AFTER nearly 40 years, police in Columbus, Ohio, say they have cracked the cold case of an eight-year girl old who was abducted, sexually assaulted and killed.
The family of Kelly Ann Prosser were finally given some closure on Friday, when law enforcement officers said that they had matched a dead man's DNA to the 1982 case.
Columbus police pronounced the case closed on Friday, stating that a new genealogical testing technique and a podcast had helped them solve Kelly Ann's murder.
After the announcement, Kelly Ann's family said in a statement: "Our family has spent many long years waiting for Kelly Ann's murder to be solved.
"But Kelly's family is not unique. Those who have suffered the murder of their loved one knows how devastating waiting for answers can be. Nor are we the only family who has laid awake at night hoping and praying that their missing child would return home safely."
According to police, DNA identifies now-deceased Harold Warren Jarrell as the man behind the killing.
Jarrell passed away in 1996 at the age of 67 in Las Vegas.
NEW METHODS OF TESTING
A new genealogical testing technique was used to identify the girl's killer, after detectives started working with a genealogy company called Advance DNA to use DNA from the crime scene to identify the suspect.

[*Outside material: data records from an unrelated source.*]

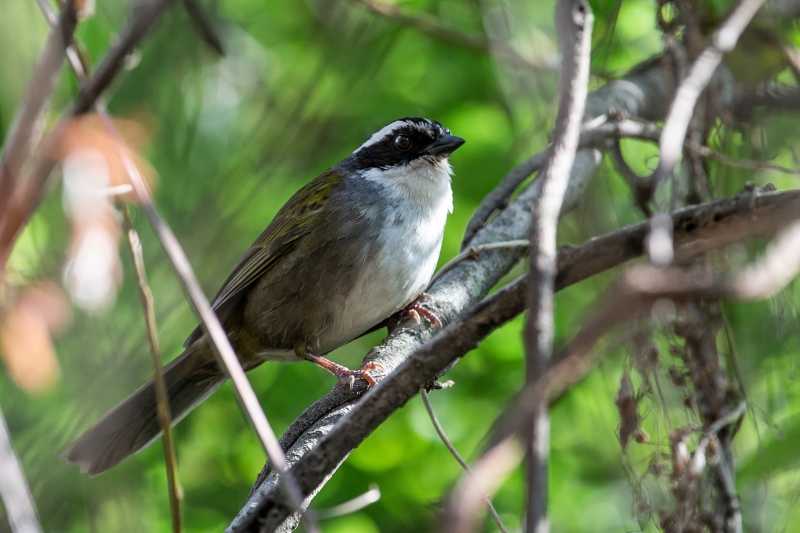 White-browed Brushfinch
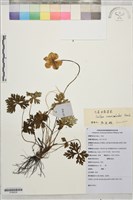 登錄號:S199239藏品圖，第1張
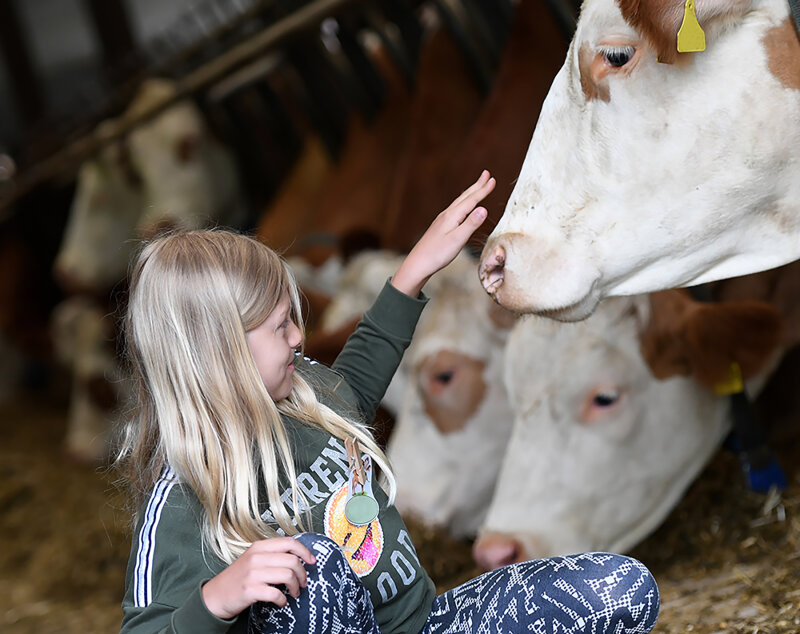 Mädchen streichelt Kuh im Stall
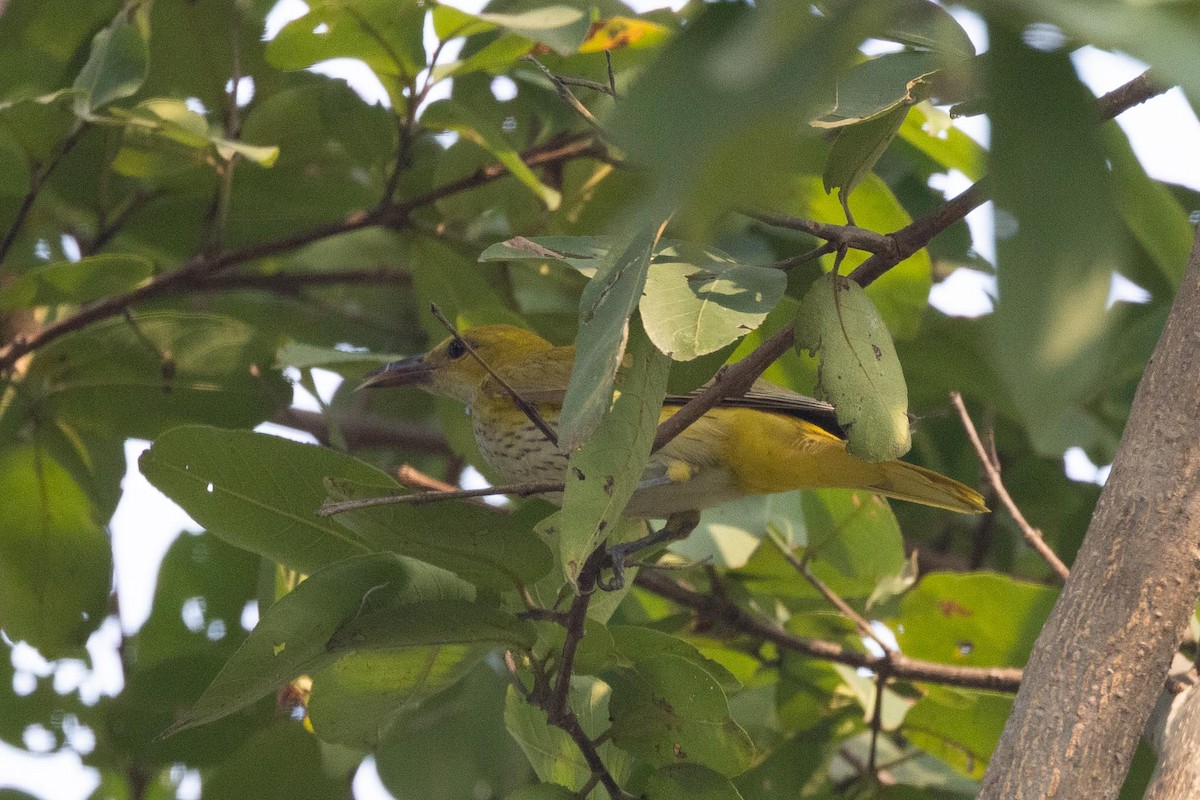 Вивільга індійська - ML647016109
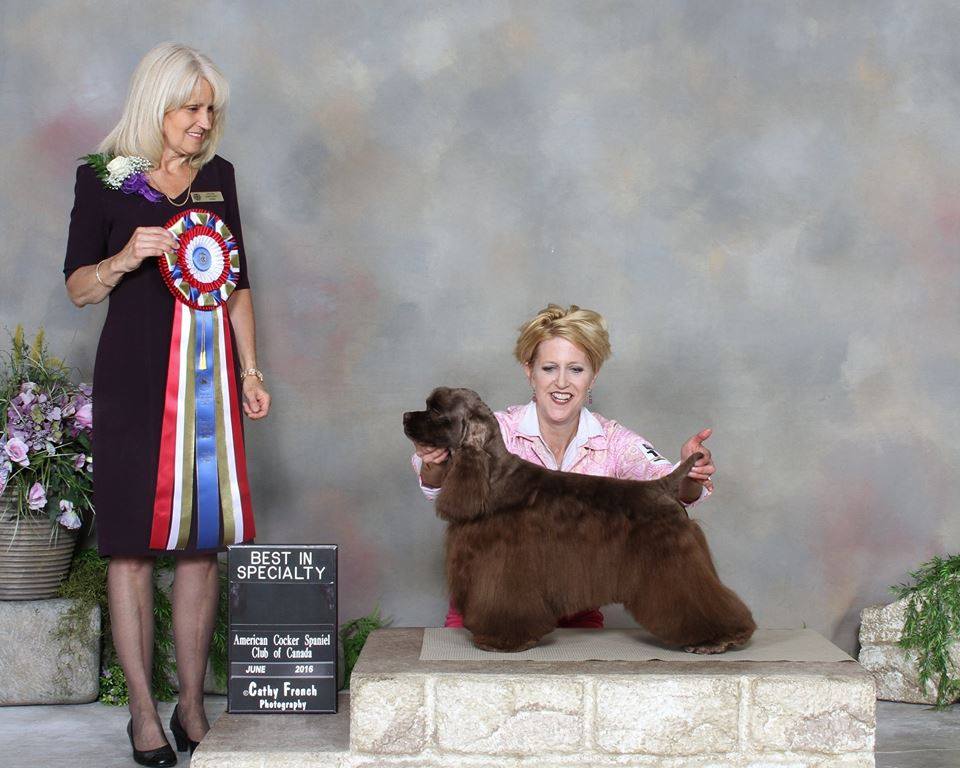 Jury winning best in specialty show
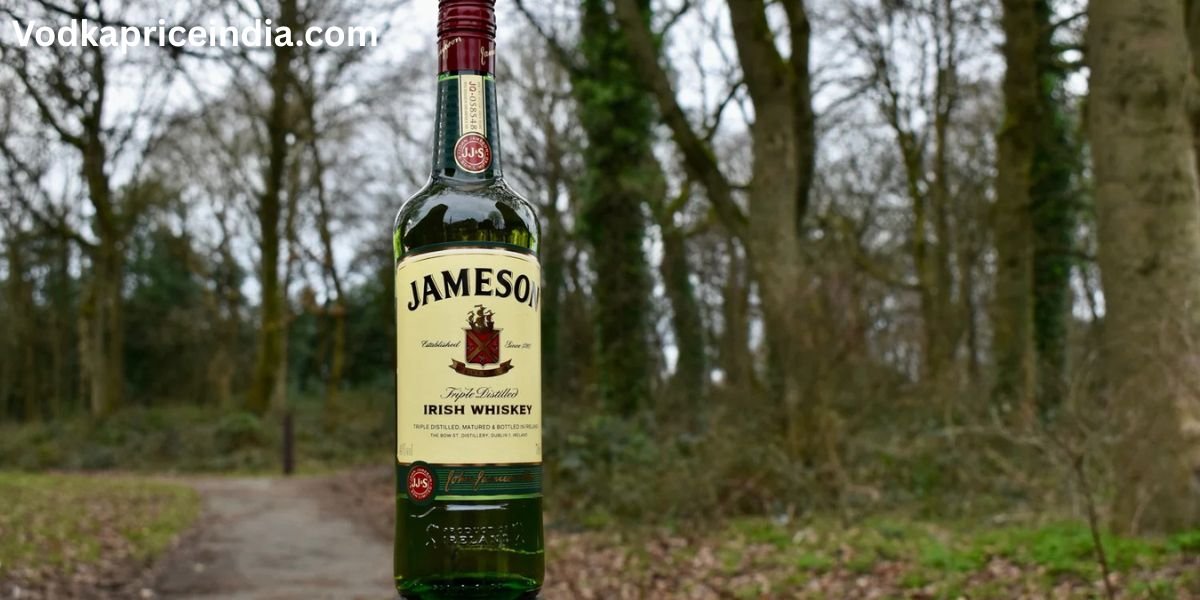 Jameson Price in Punjab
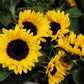 30 INCREDIBLE DWARF SUNFLOWER Helianthus Annuus Flower Seeds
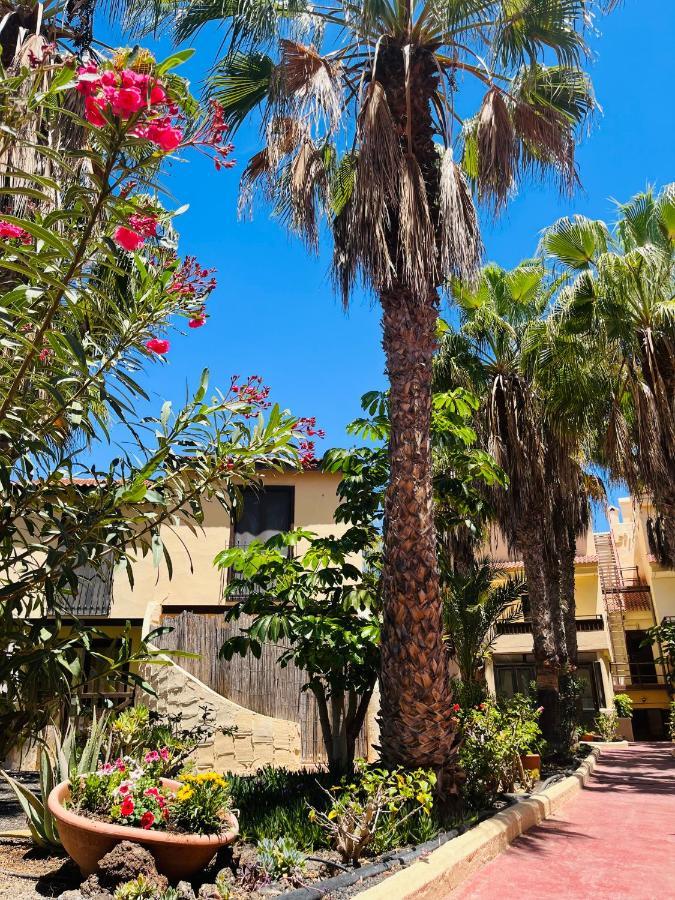 Surf & Chill Bungalow 69, Quiet Green Oasis With Community Swimmingpool Parque Holandes Exteriér fotografie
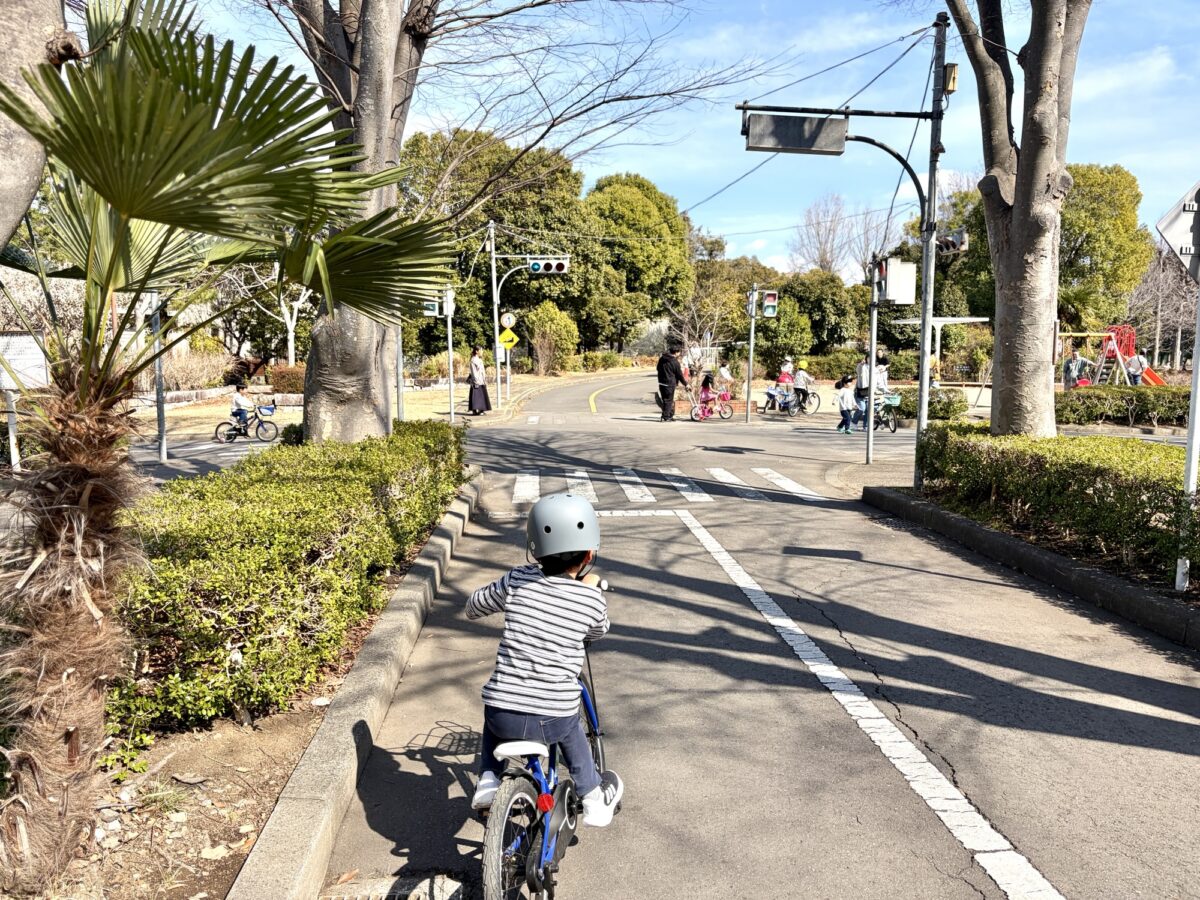 さくら交通公園で信号機を確認しながら自転車練習する様子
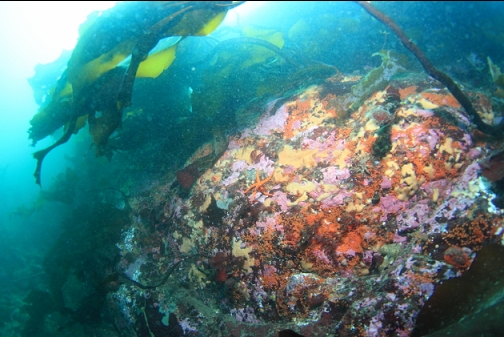 tunicates, etc on a small wall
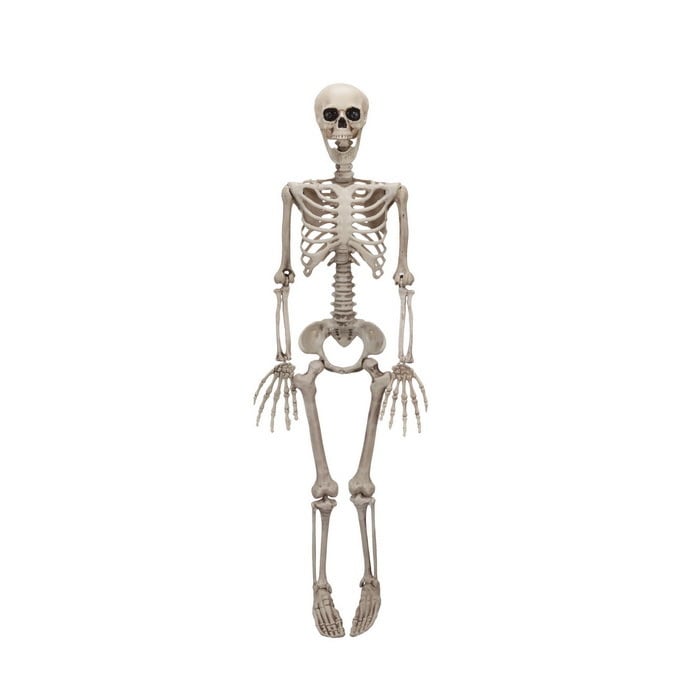 ガイコツ 骸骨 骨 模型 人形 フィギュア 全身 スカル ドクロ 置物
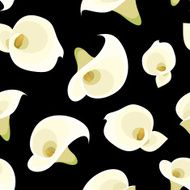 Seamless pattern with white calla lilies on black Vector illustration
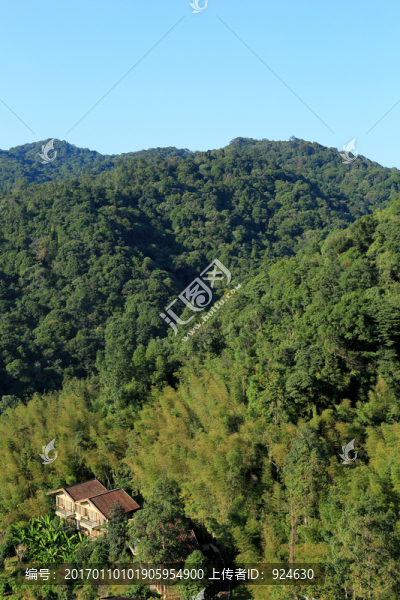 南昆山山林隱居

Investigators were able to identify a family tree and then followed up with family members, according to authorities.
The initial DNA match was to a third cousin of Jarrell's, but detectives were eventually able to determine that the now-deceased Vegas resident was Kelly Ann's killer.
Kelly Ann was abducted while walking home from Indianola Elementary School on September 20, 1982, investigators said.
Her body was then discovered two days later in a cornfield in nearby Madison County, after she had been beaten, sexually assaulted and strangled.
HELP FROM PODCAST
Speaking at a press conference, Det. Dana Croom, who took over the case fully in 2016, said he was "numb" when the system came back with a match, and "teared up a little bit."
Croom, who said he thought of his own kids while working on the case, told ABC 6 News: "All of these years of this case being open and numerous detectives working on it, it is satisfying to let the family know what happened to their little girl though it doesn’t bring her back.
"There are cases that stick with detectives forever and this is one of those for all of us.”
Columbus Deputy Chief Greg Bodker said that a podcast the police force had started in May, titled "The 5th Floor," had helped detectives get answers in Kelly Ann's case.
The story was chosen because every detective and investigator had worked on the case, Bodker said.
He added that the case "appears to be a true stranger abduction," and that Jarrell and Prosser's family had no known connection.
Jarrell previously served five years in prison after he was convicted in 1977 of a sex crime involving a child in Columbus, Bodker said.
In recent years, genetic genealogy testing and research has solved a number of high-profile cold cases – including California's so-called Golden State Killer, who pleaded guilty to the first of 13 murders on Monday.